====== Records shown
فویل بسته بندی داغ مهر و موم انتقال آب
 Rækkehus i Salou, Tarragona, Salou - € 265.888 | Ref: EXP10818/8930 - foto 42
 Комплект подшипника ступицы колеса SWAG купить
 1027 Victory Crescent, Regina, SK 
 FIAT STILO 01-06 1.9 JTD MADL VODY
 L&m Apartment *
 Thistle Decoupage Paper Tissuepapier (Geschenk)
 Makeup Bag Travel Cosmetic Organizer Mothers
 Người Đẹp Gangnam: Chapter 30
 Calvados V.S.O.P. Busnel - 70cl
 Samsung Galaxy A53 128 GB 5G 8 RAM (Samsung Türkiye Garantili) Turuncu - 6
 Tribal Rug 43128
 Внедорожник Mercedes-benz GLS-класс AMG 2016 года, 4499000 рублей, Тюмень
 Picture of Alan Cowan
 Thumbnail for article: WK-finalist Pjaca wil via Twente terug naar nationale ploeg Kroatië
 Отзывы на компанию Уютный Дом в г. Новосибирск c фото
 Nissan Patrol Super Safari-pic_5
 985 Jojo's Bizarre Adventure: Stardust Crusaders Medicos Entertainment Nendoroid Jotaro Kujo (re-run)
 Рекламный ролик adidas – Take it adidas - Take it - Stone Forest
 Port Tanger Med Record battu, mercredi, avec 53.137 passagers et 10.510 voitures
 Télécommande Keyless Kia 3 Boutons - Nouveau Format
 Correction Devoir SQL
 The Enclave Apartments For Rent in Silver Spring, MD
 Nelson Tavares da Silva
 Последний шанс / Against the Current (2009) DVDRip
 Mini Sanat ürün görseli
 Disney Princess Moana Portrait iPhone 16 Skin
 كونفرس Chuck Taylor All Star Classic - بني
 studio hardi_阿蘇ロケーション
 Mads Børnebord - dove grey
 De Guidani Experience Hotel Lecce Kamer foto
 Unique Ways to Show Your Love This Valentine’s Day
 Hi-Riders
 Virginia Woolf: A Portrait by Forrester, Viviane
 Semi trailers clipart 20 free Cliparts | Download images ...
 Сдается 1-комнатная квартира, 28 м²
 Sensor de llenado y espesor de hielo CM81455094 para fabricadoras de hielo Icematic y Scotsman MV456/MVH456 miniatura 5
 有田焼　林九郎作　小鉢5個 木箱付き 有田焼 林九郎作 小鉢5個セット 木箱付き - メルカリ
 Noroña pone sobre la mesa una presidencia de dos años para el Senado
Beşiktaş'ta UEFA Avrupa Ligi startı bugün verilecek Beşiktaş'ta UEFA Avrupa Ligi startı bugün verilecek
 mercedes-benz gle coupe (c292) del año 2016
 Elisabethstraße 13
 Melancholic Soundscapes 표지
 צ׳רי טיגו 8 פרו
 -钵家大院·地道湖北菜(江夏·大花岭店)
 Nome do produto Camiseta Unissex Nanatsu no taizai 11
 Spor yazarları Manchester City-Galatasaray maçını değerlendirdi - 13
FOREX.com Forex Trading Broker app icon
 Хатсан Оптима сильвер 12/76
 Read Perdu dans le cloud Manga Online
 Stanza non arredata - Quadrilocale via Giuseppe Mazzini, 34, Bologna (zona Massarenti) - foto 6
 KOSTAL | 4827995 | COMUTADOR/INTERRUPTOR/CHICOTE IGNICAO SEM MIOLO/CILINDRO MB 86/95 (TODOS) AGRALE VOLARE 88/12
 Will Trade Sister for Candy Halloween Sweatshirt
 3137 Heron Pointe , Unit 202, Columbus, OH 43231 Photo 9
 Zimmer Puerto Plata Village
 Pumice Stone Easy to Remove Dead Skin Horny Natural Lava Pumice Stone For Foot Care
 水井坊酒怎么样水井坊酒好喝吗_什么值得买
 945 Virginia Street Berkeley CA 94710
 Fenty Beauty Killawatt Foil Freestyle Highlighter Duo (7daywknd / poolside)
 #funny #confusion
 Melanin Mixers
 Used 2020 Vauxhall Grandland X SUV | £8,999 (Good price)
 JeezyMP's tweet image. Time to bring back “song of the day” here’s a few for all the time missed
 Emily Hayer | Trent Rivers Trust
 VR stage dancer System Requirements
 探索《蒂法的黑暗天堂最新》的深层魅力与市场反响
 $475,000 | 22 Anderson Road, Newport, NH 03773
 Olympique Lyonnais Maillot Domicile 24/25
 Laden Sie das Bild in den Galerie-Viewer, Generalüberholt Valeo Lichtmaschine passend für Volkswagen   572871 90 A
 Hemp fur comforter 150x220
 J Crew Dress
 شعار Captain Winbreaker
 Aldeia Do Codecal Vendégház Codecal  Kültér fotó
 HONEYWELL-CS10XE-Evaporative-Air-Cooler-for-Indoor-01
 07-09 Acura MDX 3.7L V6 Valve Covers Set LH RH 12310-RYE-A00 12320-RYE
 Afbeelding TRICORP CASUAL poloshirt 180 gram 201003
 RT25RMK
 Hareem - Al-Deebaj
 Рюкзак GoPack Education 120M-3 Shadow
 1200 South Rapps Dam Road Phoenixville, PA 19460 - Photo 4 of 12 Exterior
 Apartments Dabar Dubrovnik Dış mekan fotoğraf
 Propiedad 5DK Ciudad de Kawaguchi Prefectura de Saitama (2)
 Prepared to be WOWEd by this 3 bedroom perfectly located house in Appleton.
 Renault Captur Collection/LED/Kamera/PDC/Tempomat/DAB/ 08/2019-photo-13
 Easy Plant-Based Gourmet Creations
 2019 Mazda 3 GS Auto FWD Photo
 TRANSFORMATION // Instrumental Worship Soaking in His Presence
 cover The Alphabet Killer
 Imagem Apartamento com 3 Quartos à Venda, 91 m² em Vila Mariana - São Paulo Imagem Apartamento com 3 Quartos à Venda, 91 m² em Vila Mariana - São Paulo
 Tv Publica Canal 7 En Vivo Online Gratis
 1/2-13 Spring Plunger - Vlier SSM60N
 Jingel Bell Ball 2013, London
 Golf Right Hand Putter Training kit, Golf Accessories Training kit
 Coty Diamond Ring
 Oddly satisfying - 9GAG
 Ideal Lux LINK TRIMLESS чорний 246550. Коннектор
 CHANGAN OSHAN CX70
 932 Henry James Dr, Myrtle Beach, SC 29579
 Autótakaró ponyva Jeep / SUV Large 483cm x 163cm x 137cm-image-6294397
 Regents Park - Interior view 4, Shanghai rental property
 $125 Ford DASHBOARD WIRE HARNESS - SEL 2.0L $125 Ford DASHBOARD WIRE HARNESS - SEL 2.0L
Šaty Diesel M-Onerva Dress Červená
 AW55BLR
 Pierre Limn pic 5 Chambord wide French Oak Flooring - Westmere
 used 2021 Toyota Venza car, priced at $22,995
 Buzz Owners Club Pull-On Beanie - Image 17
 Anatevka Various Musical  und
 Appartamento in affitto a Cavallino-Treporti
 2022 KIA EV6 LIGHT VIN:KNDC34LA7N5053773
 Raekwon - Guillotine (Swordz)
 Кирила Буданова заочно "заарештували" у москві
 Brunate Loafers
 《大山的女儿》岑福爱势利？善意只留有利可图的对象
============
**Aim of the task**
Will you return exactly the lines above from the one with "1/2-13 Spring Plunger - Vlier SSM60N" down to the one with "Anatevka Various Musical", counting both as part of the range?

**Answer**
 1/2-13 Spring Plunger - Vlier SSM60N
 Jingel Bell Ball 2013, London
 Golf Right Hand Putter Training kit, Golf Accessories Training kit
 Coty Diamond Ring
 Oddly satisfying - 9GAG
 Ideal Lux LINK TRIMLESS чорний 246550. Коннектор
 CHANGAN OSHAN CX70
 932 Henry James Dr, Myrtle Beach, SC 29579
 Autótakaró ponyva Jeep / SUV Large 483cm x 163cm x 137cm-image-6294397
 Regents Park - Interior view 4, Shanghai rental property
 $125 Ford DASHBOARD WIRE HARNESS - SEL 2.0L $125 Ford DASHBOARD WIRE HARNESS - SEL 2.0L
Šaty Diesel M-Onerva Dress Červená
 AW55BLR
 Pierre Limn pic 5 Chambord wide French Oak Flooring - Westmere
 used 2021 Toyota Venza car, priced at $22,995
 Buzz Owners Club Pull-On Beanie - Image 17
 Anatevka Various Musical  und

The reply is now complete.